Ademoğlu’nun dünyaya gelişinden bu yana hiçbir çağ, hiçbir nesil bir sonra ki gelenleri bir türlü beğenmemiş. Sürekli “varoluş” nedenlerimizi, “neleri” araştırmış durmuşlar. Nihayetin de hala cevap bulamayan sorularla birlikte de çeşitli bilim dalları gelişirken, bu konuda meslekler çoğalmış. Şimdi karşımızda Sosyoloji, psikoloji, sosyal bilimler, toplum bilimleri gibi gibi… Terimlerle varlığını sürdürmektedir.
Akil İnsan ve toplum araştırmacılarının, toplumu nasıl irdelediğini,nasıl yönlendirdiğini,sonuç olarak neler bulunduğunu, toplumun sosyo-kültürel ve psikolojik gelişimini nasıl takip ettiğini ve çıkardıkları sonuçları bilmem ama bir eğitim uzmanı olarak.Kimsesiz ve kayıp biçare nesiller yetiştirdiğimizi net görebiliyorum.
Neden mi bu derece keskin ifade kullandım?

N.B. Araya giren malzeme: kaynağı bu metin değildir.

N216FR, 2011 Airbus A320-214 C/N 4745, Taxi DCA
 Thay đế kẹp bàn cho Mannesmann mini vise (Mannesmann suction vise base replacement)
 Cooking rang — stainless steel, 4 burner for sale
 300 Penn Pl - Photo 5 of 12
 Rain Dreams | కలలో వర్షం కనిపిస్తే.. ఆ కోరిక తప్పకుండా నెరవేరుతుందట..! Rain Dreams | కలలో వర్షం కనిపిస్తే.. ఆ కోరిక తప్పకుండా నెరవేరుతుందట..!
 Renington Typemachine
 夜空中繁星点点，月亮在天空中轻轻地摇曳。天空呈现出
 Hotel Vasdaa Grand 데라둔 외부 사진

Ben, bizim 70’li dönemleri ezik arada kalmış nesiller olarak görürüm. Zira bir 68 kuşağının gölgesinde kendi kimliğimizi bulmak hayli zordu. O dönemden gelen ebeveynlerimiz belki de aynı başkaldırıyla karşılaşmamak ve hatta bu nedenle zarar görmememiz için bizleri otoritenin olduğu bir aile yapısıyla büyüttüler ve çoğu da devletine bağlı, “vergi namus borcudur” zihniyetine sahip, haksız kazançlara karşı duran ve bizleri asosyal yetiştirmiş olsalar da hak yememeyi, havadan kazancın olmadığını öğreterek büyüttüler.
Peki,70’den sonra ana baba olanlar ne yaptı/tık?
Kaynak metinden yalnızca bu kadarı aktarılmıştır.